La división internacional del trabajo consiste en que unos países se especializan
en ganar y otros en perder. Nuestra comarca del mundo, que hoy llamamos
América Latina, fue precoz: se especializó en perder desde los remotos tiempos en
que los europeos del Renacimiento se abalanzaron a través del mar v le hundieron
los dientes en la garganta. Pasaron los siglos y América Latina perfeccionó sus
funciones Este va no es el reino de las maravillas donde la realidad derrotaba a la
fábula y la imaginación era humillada por los trofeos de la conquista, los
yacimientos de oro y las montañas de plata. Pero la región sigue trabajando de
sirvienta. Continúa existiendo al servicio de las necesidades ajenas, como fuente y
reserva del petróleo y el hierro, el cobre y la carne, las frutas y el café, las materias
primas y los alimentos con destino a los países ricos que ganan consumiéndolos,
mucho más de lo que América Latina gana produciéndolos. Son mucho más altos
los impuestos que cobran los compradores que los precios que reciben los
vendedores; y al fin y al cabo, como declaró en julio de 1968 Covey T. Oliver,
coordinador de la Alianza para el Progreso, «hablar de precios justos en la
actualidad es un concepto medieval. Estamos en plena época de la libre
comercialización...» Cuanta más libertad se otorga a los negocios, más cárceles se
hace necesario construir para quienes padecen los negocios. Nuestros sistemas de
inquisidores y verdugos no sólo funcionan para el mercado externo dominante;
proporcionan también caudalosos manantiales de ganancias que fluyen de los
empréstitos y las inversiones extranjeras en los mercados internos dominados. «Se
ha oído hablar de concesiones hechas por América Latina al capital extranjero, pero
no de concesiones hechas por los Estados Unidos al capital de otros países... Es que
nosotros no damos concesiones», advertía, allá por 1913, el presidente
norteamericano Woodrow Wilson. Él estaba seguro: «Un país --decía- es poseído y
dominado por el capital que en él se haya invertido». Y tenía razón. Por el camino
hasta perdimos el derecho de llamarnos americanos, aunque los haitianos y los
cubanos ya habían asomado a la historia, como pueblos nuevos, un siglo antes de
que los peregrinos del Mayflower se establecieran en las costas de Plymouth.

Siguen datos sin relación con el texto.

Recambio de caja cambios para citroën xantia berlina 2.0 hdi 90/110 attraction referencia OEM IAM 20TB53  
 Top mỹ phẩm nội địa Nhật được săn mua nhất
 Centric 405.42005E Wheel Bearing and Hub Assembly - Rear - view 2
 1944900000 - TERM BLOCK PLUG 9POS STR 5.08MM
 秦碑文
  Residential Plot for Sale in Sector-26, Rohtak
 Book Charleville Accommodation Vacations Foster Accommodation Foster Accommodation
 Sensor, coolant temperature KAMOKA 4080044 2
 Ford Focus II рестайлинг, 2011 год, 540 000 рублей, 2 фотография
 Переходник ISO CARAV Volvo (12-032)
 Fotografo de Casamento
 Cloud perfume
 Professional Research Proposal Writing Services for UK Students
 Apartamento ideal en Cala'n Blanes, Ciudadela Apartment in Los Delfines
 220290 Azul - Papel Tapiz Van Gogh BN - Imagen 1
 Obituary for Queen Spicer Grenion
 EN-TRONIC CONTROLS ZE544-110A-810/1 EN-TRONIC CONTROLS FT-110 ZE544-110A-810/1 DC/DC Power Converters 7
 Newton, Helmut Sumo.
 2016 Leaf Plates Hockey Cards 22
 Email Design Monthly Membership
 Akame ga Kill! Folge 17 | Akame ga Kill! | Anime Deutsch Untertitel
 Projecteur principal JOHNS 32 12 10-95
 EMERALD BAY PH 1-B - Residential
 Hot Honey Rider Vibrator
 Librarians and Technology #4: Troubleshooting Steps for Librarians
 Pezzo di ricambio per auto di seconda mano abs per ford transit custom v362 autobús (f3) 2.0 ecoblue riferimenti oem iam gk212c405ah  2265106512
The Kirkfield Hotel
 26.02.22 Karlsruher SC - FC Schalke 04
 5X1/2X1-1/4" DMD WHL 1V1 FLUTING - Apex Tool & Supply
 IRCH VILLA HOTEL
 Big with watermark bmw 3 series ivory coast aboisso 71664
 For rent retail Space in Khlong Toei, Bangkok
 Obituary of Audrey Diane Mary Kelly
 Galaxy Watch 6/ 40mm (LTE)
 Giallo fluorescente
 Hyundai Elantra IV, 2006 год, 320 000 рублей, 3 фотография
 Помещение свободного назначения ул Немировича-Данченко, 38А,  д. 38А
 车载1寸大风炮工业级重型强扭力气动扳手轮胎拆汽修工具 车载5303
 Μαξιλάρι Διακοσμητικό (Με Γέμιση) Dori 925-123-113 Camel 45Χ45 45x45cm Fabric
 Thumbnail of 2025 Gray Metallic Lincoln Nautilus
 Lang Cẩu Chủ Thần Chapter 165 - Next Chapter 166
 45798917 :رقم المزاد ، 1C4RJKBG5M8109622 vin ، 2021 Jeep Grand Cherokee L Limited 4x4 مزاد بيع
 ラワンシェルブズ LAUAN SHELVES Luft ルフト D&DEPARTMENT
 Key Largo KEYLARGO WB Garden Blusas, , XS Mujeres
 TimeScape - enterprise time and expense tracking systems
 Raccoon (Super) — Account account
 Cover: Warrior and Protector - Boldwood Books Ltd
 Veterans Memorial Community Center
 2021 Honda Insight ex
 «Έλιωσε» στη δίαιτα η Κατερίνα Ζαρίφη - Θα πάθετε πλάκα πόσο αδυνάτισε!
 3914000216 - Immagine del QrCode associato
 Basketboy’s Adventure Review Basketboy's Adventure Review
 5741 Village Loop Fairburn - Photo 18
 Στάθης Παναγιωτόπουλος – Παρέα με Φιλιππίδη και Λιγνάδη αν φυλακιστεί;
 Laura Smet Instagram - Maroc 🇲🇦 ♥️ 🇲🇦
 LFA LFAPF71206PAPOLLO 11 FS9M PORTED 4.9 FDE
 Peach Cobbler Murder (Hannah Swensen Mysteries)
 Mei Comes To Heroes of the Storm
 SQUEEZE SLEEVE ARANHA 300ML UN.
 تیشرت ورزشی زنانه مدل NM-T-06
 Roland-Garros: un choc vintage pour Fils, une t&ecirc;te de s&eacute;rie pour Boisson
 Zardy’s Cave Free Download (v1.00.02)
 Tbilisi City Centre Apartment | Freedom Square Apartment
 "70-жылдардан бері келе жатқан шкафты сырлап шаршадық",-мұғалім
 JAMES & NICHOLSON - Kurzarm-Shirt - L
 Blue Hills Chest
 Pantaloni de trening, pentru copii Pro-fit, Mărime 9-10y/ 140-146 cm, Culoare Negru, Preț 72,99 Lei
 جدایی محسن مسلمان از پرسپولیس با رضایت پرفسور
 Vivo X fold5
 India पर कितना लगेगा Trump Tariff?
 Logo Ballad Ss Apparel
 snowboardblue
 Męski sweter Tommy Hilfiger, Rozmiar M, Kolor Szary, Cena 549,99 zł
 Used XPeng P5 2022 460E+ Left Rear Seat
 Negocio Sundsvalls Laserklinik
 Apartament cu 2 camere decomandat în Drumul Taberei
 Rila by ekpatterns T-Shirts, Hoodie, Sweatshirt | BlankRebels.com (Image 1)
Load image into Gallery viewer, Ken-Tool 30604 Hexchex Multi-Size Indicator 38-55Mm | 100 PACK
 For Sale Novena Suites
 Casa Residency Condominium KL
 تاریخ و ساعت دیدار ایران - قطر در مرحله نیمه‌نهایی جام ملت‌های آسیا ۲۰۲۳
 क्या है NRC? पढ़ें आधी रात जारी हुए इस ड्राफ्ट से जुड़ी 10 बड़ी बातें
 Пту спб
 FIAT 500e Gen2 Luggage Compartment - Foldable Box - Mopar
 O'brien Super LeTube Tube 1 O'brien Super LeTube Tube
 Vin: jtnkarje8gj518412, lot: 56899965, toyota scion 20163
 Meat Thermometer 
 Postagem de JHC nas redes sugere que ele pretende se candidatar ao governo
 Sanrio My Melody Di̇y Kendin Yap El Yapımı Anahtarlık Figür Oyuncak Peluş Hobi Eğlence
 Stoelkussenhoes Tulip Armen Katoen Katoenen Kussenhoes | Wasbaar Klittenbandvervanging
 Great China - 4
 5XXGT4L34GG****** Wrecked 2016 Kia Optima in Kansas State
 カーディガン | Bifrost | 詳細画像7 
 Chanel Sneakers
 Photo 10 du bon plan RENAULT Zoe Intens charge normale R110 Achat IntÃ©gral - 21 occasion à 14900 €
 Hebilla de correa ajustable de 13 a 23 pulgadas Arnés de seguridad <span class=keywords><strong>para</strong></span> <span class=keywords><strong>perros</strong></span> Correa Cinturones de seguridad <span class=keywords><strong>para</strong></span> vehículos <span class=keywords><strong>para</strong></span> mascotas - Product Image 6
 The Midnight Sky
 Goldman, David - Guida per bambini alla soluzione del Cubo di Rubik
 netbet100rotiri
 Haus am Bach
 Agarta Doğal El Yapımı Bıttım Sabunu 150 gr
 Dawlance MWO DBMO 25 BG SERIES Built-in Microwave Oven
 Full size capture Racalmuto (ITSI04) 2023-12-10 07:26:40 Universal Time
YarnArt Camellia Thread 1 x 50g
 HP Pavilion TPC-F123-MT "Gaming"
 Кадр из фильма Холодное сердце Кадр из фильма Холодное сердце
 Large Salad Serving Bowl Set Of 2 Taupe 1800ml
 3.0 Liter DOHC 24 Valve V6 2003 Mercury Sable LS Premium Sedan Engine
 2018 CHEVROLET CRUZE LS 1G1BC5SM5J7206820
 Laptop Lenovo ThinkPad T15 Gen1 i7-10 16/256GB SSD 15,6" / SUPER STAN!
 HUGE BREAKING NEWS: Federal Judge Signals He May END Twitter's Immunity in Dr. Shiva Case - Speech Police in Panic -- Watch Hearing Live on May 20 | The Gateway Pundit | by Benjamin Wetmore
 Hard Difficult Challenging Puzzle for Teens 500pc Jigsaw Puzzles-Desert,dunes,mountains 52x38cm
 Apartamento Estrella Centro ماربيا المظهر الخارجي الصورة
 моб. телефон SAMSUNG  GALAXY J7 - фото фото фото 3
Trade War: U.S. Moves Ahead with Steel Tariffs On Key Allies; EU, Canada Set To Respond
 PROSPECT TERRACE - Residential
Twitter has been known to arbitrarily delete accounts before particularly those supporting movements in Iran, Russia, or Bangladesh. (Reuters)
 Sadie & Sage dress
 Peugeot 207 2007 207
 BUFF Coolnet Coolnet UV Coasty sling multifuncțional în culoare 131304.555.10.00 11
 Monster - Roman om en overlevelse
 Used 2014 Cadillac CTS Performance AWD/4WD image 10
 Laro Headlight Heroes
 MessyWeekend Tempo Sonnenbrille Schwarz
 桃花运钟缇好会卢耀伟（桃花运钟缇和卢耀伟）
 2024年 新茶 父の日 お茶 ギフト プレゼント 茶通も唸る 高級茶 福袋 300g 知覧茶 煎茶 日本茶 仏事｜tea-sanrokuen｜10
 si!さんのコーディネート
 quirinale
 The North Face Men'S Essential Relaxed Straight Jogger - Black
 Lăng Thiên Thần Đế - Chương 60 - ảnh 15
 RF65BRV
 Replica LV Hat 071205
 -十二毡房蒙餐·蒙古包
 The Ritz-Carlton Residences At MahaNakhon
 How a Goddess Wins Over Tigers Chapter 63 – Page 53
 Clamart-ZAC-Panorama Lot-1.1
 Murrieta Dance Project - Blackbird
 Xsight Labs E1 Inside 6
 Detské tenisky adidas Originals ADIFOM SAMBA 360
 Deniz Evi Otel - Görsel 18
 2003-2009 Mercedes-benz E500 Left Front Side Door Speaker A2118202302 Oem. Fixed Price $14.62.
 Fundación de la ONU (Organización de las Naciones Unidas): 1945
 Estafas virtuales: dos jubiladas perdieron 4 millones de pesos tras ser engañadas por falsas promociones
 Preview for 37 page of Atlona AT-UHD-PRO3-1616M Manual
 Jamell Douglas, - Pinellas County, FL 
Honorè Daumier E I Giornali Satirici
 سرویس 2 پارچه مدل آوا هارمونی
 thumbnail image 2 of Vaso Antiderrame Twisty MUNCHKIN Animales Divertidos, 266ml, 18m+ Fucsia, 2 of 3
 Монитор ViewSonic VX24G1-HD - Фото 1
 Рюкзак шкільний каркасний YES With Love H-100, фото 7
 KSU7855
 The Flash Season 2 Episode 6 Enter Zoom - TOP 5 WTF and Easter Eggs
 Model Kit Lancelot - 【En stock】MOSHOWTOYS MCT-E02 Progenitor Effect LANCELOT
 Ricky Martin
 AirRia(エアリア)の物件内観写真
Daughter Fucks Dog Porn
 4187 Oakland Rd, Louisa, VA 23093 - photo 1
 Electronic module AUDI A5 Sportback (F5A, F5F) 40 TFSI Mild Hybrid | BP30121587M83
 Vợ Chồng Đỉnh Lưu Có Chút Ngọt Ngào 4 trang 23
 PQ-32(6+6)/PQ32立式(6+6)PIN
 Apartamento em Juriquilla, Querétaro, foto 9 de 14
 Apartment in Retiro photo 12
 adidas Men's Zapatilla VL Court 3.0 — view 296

Ahora América es, para el mundo, nada más que los Estados Unidos: nosotros
habitamos, a lo sumo, una sub -América, una América de segunda clase, de
nebulosa identificación.
Es América Latina, la región de las venas abiertas. Desde el descubrimiento
hasta nuestros días, todo se ha trasmutado siempre en capital europeo o, más
tarde, norteamericano, y como tal se ha acumulado y se acumula en los lejanos
centros de poder. Todo: la tierra, sus frutos y sus profundidades ricas en minerales,
los hombres y su capacidad de trabajo y de consumo, los recursos naturales y los
recursos humanos. El modo de producción y la estructura de clases de cada lugar
han sido sucesivamente determinados, desde fuera, por su incorporación al
engranaje universal del capitalismo. A cada cual se le ha asignado una función,
siempre en beneficio del desarrollo de la metrópoli extranjera de turno, y se ha
hecho infinita la cadena de las dependencias sucesivas, que tiene mucho más de
dos eslabones, y que por cierto también comprende, dentro de América Latina, la
opresión de los países pequeños por sus vecinos mayores y, fronteras adentro de
cada país, la explotación que las grandes ciudades y los puertos ejercen sobre sus
fuentes internas de víveres y mano de obra (Hace cuatro siglos, ya habían nacido
dieciséis de las veinte ciudades latinoamericanas más pobladas de la actualidad.)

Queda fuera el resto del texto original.